WHAT YOU HAVE TO DO: The pictures in the listing below are to be skipped, while the lines between the line holding "Louis Vuitton Monogram Canvas Looping MM Bag" and the line holding "Kent belleğinde başka bir kayıp: Kariye", inclusive, are to be output exactly.

GIVEN ENTRIES:
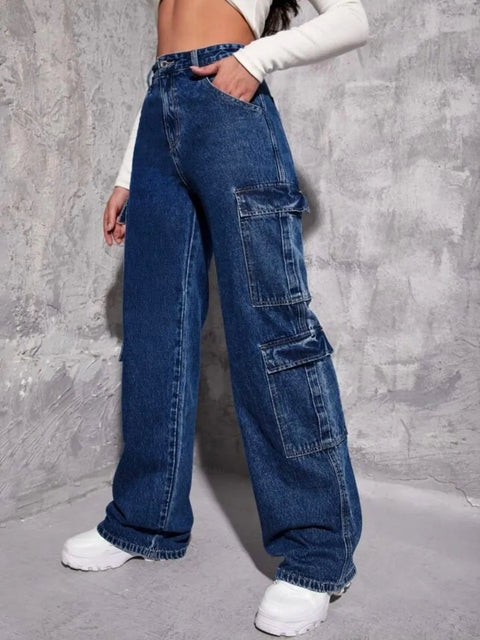 Dark Blue Cargo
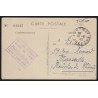 n°509 + 511 + vignette "Championnats d'athlétisme de l'Armée de l'Air" 9/8/1942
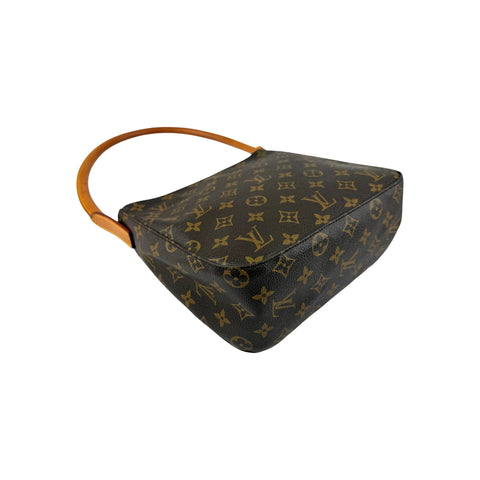 Louis Vuitton Monogram Canvas Looping MM Bag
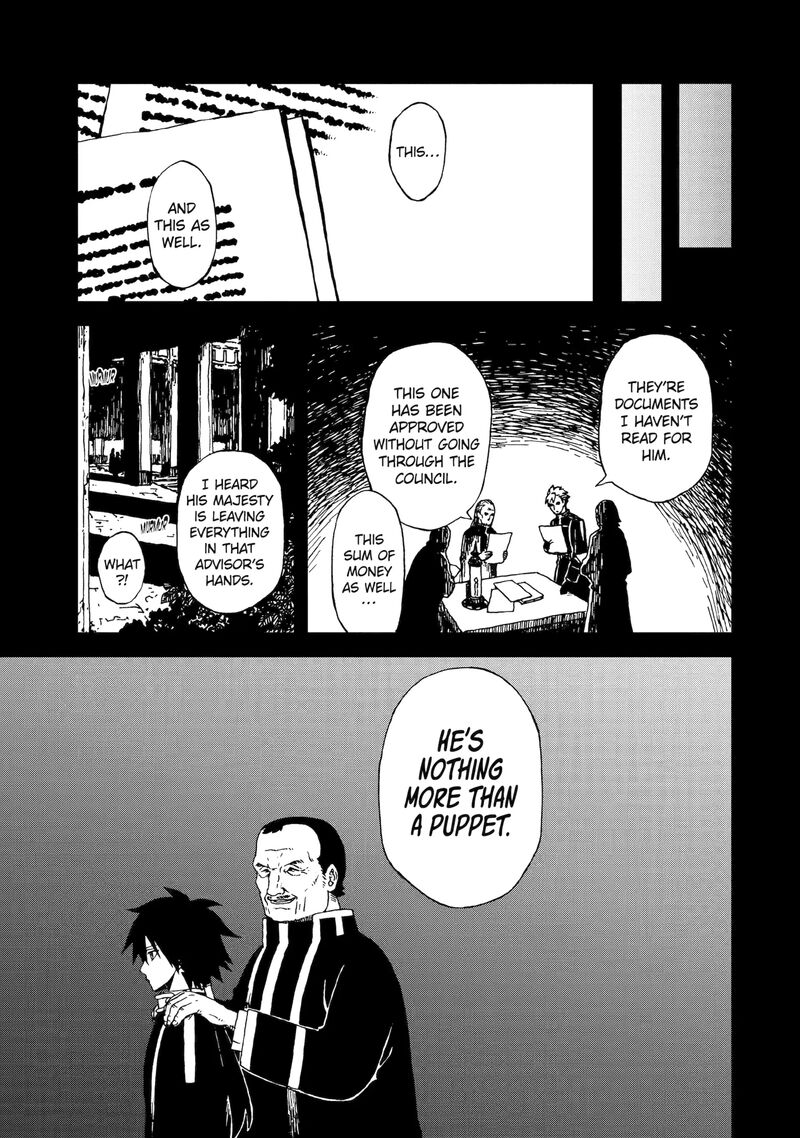 Sute Akuyaku Reijou Wa Kaibutsu Ni Otogibanashi Wo Kataru Chapter 28z Page 1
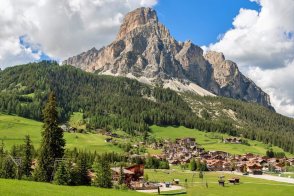 Poznávací Dolomity - Itálie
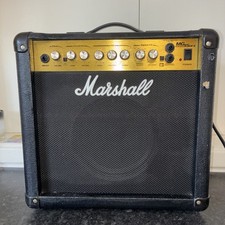 marshall mg15dfx MARSHALL MG SERIES 5DFX AMPLIFIER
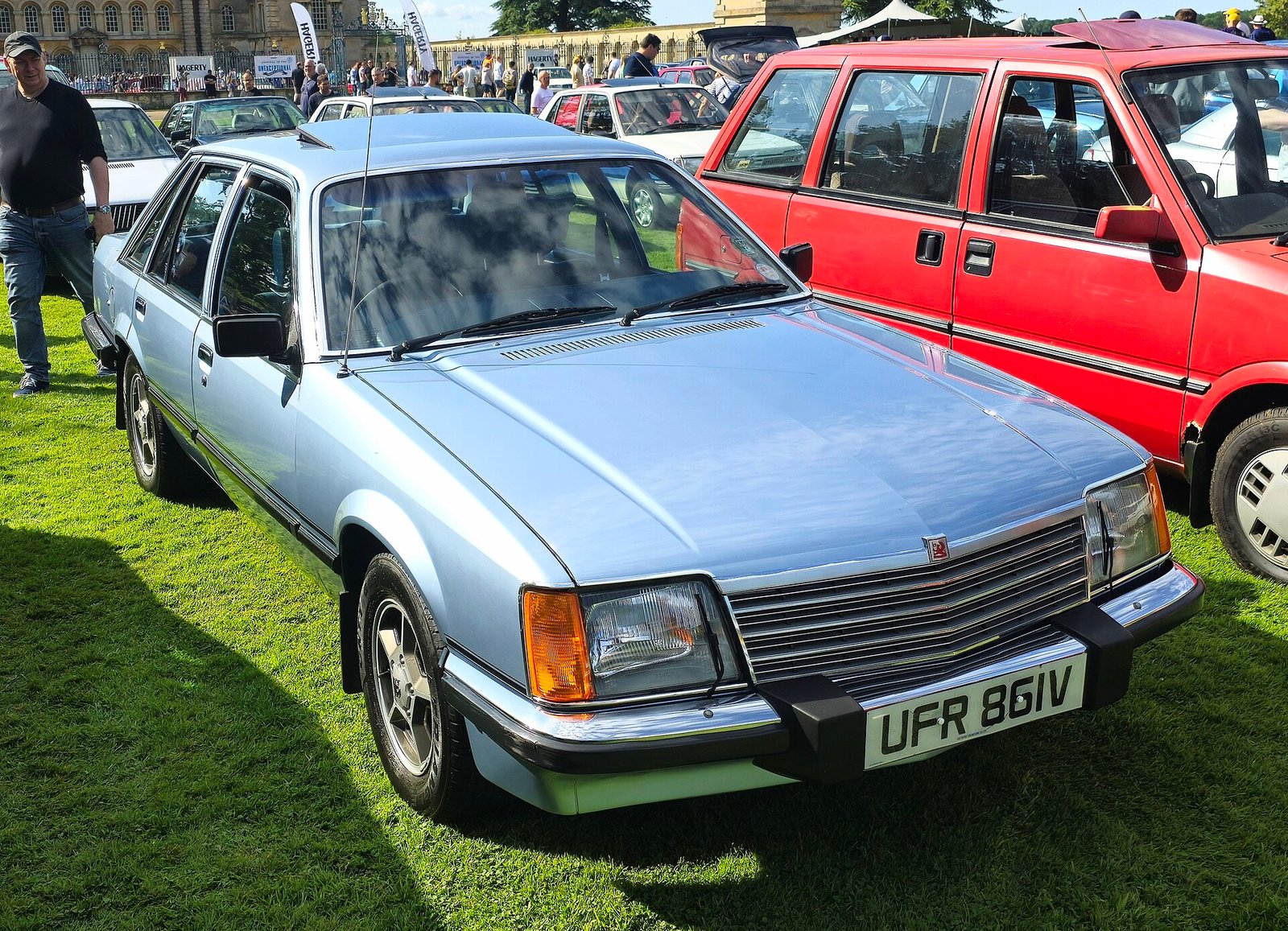 Vauxhall Royale
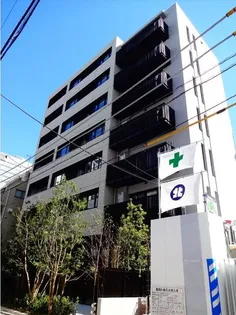 KDXレジデンス恵比寿の外観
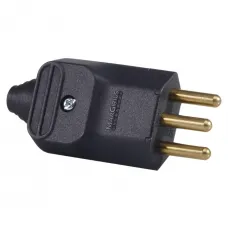 Plug Macho 2P T 20A 250V PB PT PLD2-3 15013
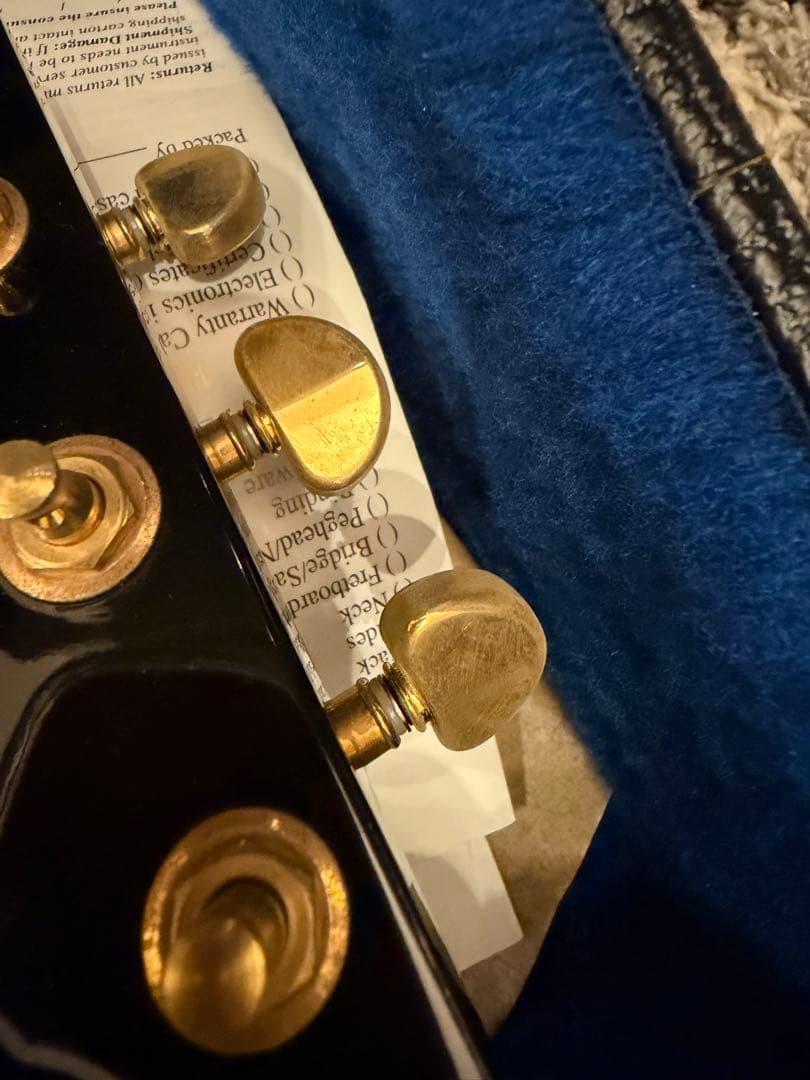 Gibson L-4A EC（2008年製）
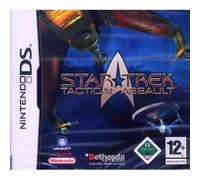STAR TREK TACTICAL ASSAULT / JEU CONSOLE NINTENDO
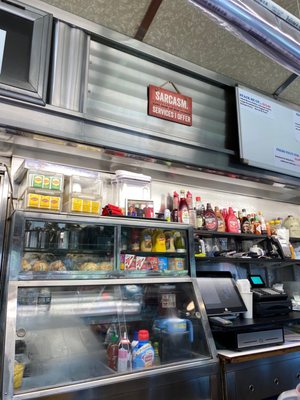 Norm's Diner by null
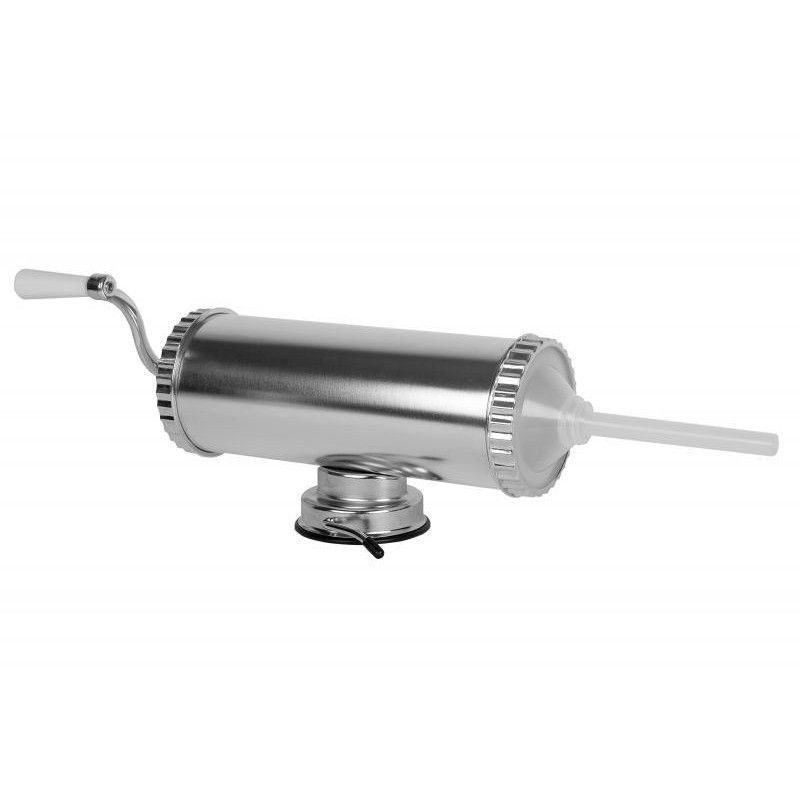 Aparat pentru carnati Vanora VN-E-B183, 2.5 kg, Aluminiu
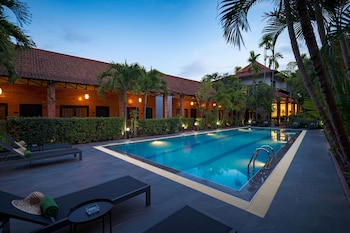 green morodoc garden hotel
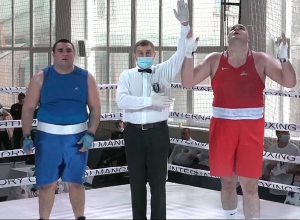 Հայ բռնցքամարտիկները շարունակում են հաղթանակներ կռել հեռավոր Խերսոնում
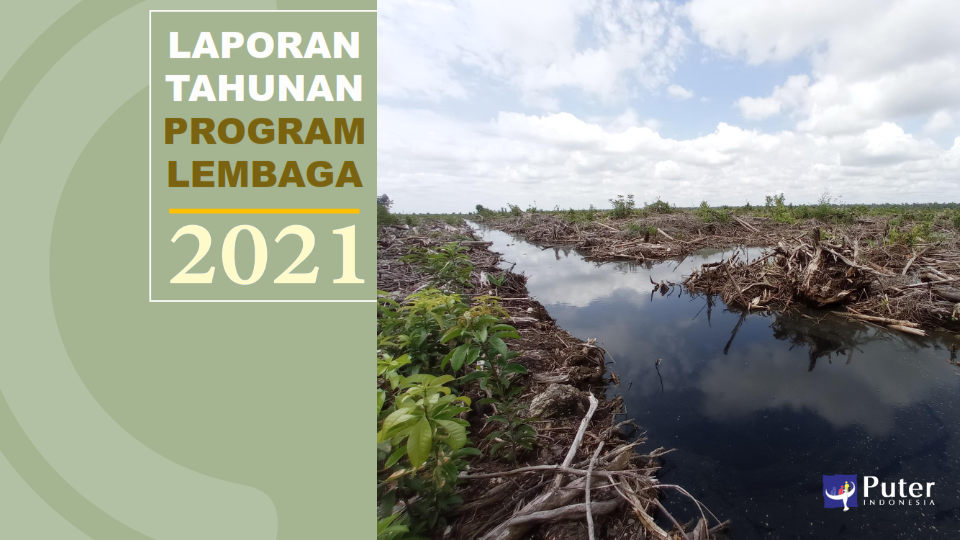Read more about the article Laporan Tahunan Lembaga 2021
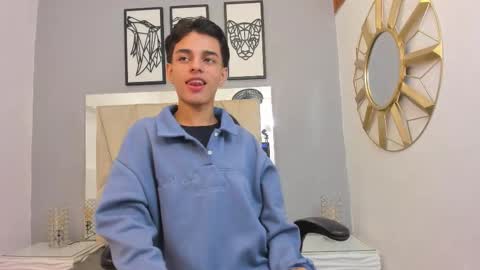 Owen Johnson online show from September 25, 12:23 pm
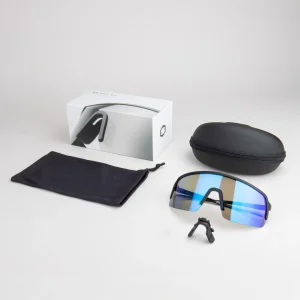 Gafas Deportivas Out Of Piuma Logo Negro Lente The One Gelo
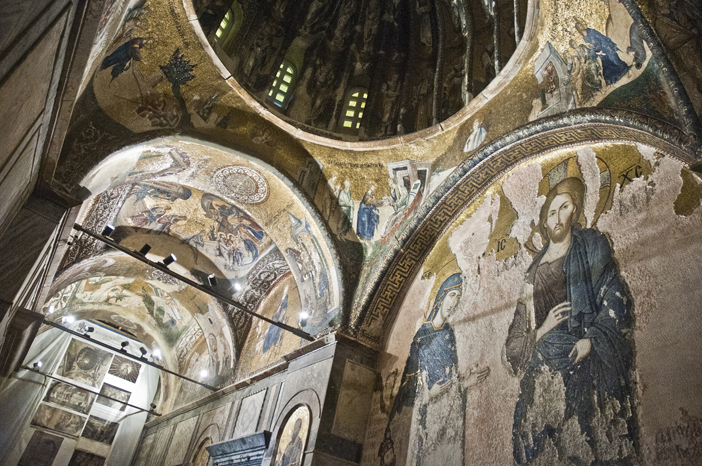 Kent belleğinde başka bir kayıp: Kariye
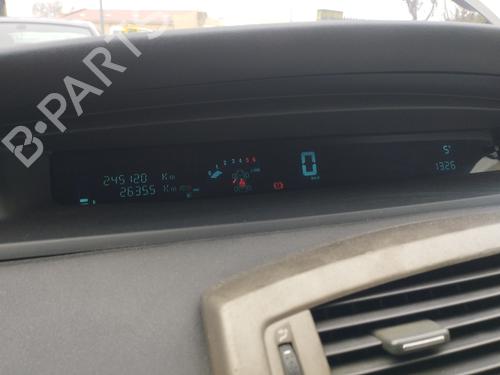Turbolader/Kompressor RENAULT SCÉNIC II (JM0/1_) 1.9 dCi (JM0G, JM12, JM1G, JM2C) | BP19518180M71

ANSWER BELOW:
 Louis Vuitton Monogram Canvas Looping MM Bag
 Sute Akuyaku Reijou Wa Kaibutsu Ni Otogibanashi Wo Kataru Chapter 28z Page 1
 Poznávací Dolomity - Itálie
 marshall mg15dfx MARSHALL MG SERIES 5DFX AMPLIFIER
 Vauxhall Royale
 KDXレジデンス恵比寿の外観
 Plug Macho 2P T 20A 250V PB PT PLD2-3 15013
 Gibson L-4A EC（2008年製）
STAR TREK TACTICAL ASSAULT / JEU CONSOLE NINTENDO
 Norm's Diner by null
 Aparat pentru carnati Vanora VN-E-B183, 2.5 kg, Aluminiu
 green morodoc garden hotel
 Հայ բռնցքամարտիկները շարունակում են հաղթանակներ կռել հեռավոր Խերսոնում
Read more about the article Laporan Tahunan Lembaga 2021
 Owen Johnson online show from September 25, 12:23 pm
 Gafas Deportivas Out Of Piuma Logo Negro Lente The One Gelo
 Kent belleğinde başka bir kayıp: Kariye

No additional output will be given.